Astonished, he peered through his windscreen and exclaimed: More than one - hundreds!
I love that joke. It’s so wonderfully disorienting.
Just who is going the wrong way?The obvious answer is the man. But wait. The man in that car might have been John the Baptist. Or Jesus. Or it might be any of us - if we were to take this Lenten journey seriously…
But before we look at the challenge of driving the wrong way down the motorway, we’d better take stock. What fuels our intention this Lent? As we steer our way, yet again, in the direction of Holy Week, what will keep us going despite the inevitable head-on collision of Good Friday?
Here’s another story - this one true: One day a small child approached his mummy and said, I want to be with the new baby by myself. His mummy smiled and, notwithstanding her slight anxiety, escorted her little darling into the baby’s room. Leaving the door slightly ajar, just in case, she overheard the child bend down and whisper in the baby’s ear, Remind me about God, I’m beginning to forget.
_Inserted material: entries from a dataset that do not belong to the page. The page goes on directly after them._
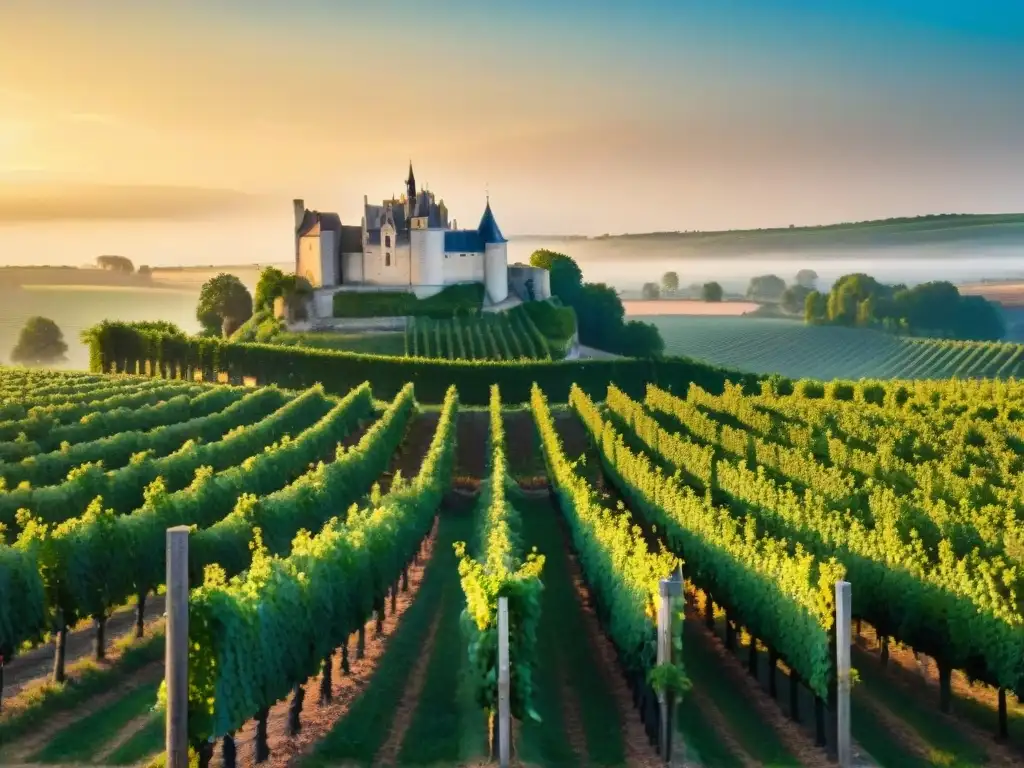 Atardecer dorado en viñedo del Valle del Loira, con château de piedra al fondo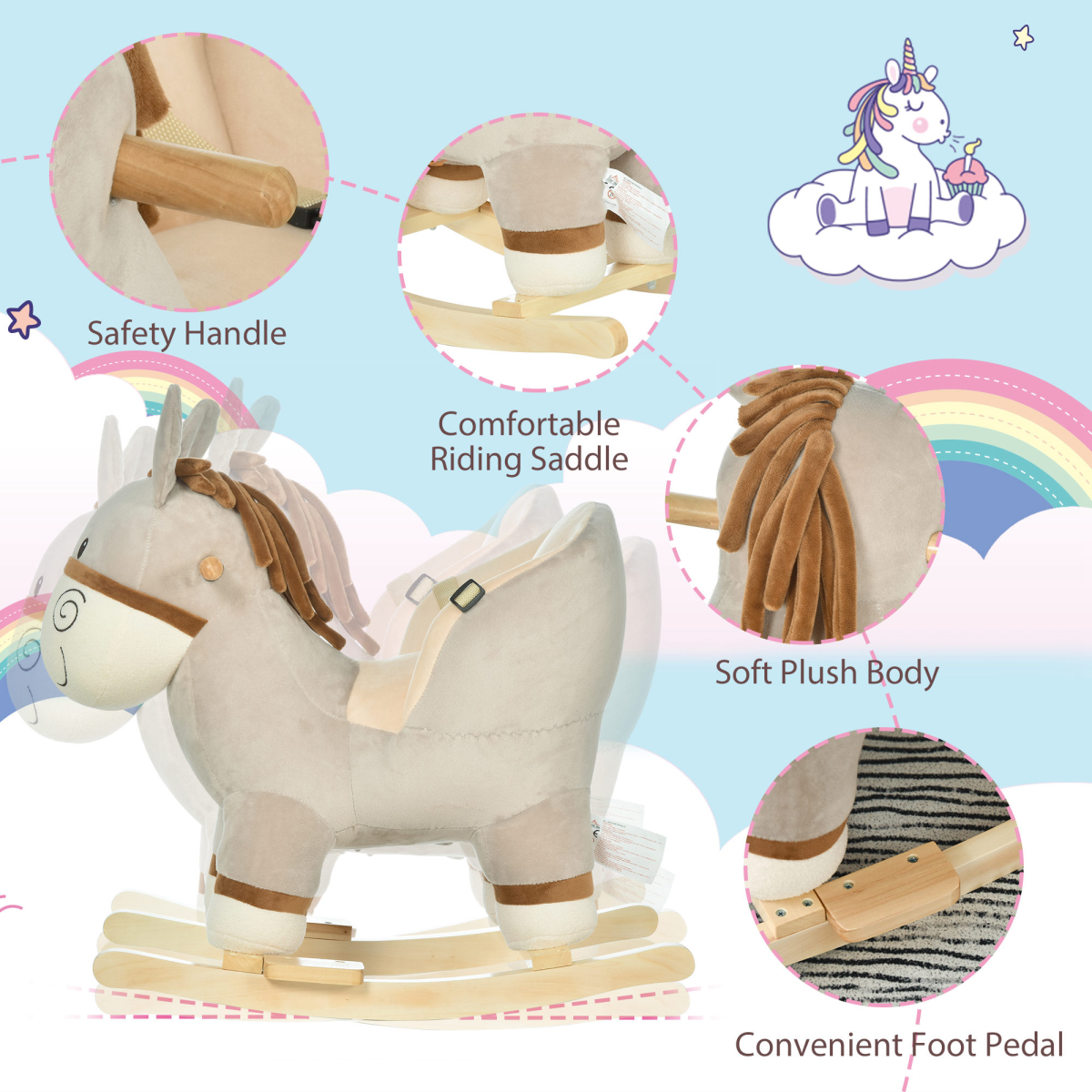 Cute Kids Ride-On Rocking Donkey Sound Handlebars Seat Belt Plush Body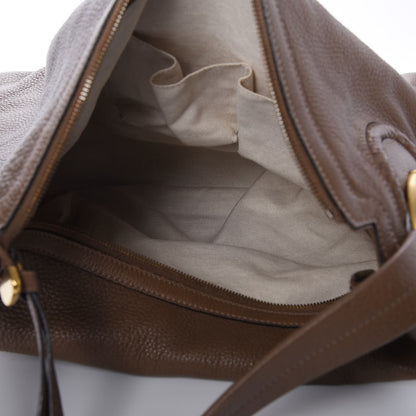 Gucci Pebbled Calfskin Twill Hobo Brown 5 of 9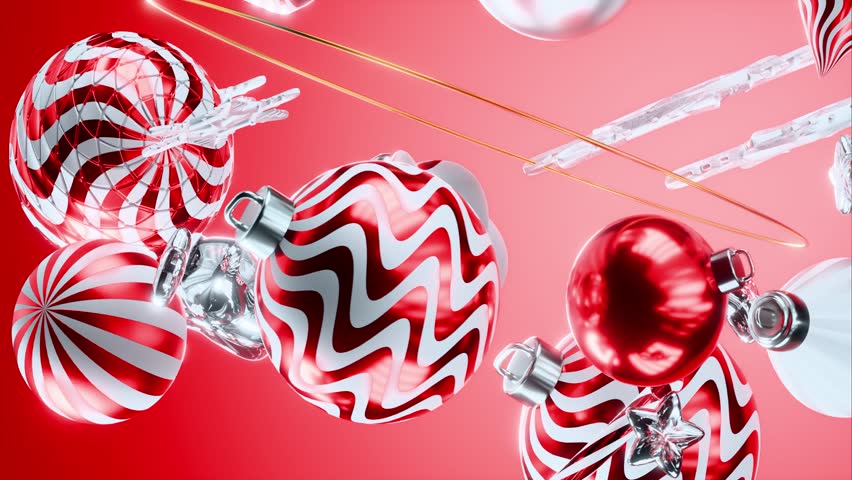 Looping background of Christmas balls and decorations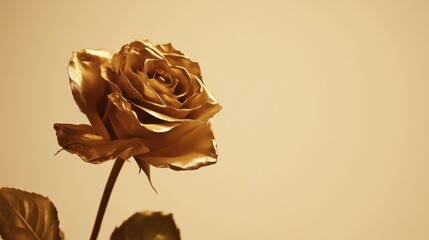 Poster - A solitary rich gold rose against a light taupe background, close-up shot, Minimalist style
This is why we make the Lenten journey, ultimately: to remember who God is; to remember who we are; to return to Love and to deepen our experience of it. It was the reminder of Jesus’ greater destiny – given to him as he emerged from John’s Jordan not long before - that led him on. It was his identity as God’s Beloved that gave him direction and strength.
If we choose to go against the flow of traffic this Lent - against the movements of our reactivity or impulsiveness or apathy - if we choose, instead, to let the Spirit drive us into the wilderness, we do so because it’s in the direction of home.
This lent, I’m going to try to put strict limits on my use of technology. I don’t tell you this so that you can admire my virtue. On the contrary, I tell you because it is rather humbling to have to admit how really difficult it will be. I know I’m not alone. We belong to an addictive society, and it is very difficult to drive the wrong way down that motorway. But Lent is a chance, once more, to head towards God’s better life - and that will mean going against the general direction of travel, whatever that might mean for each of us.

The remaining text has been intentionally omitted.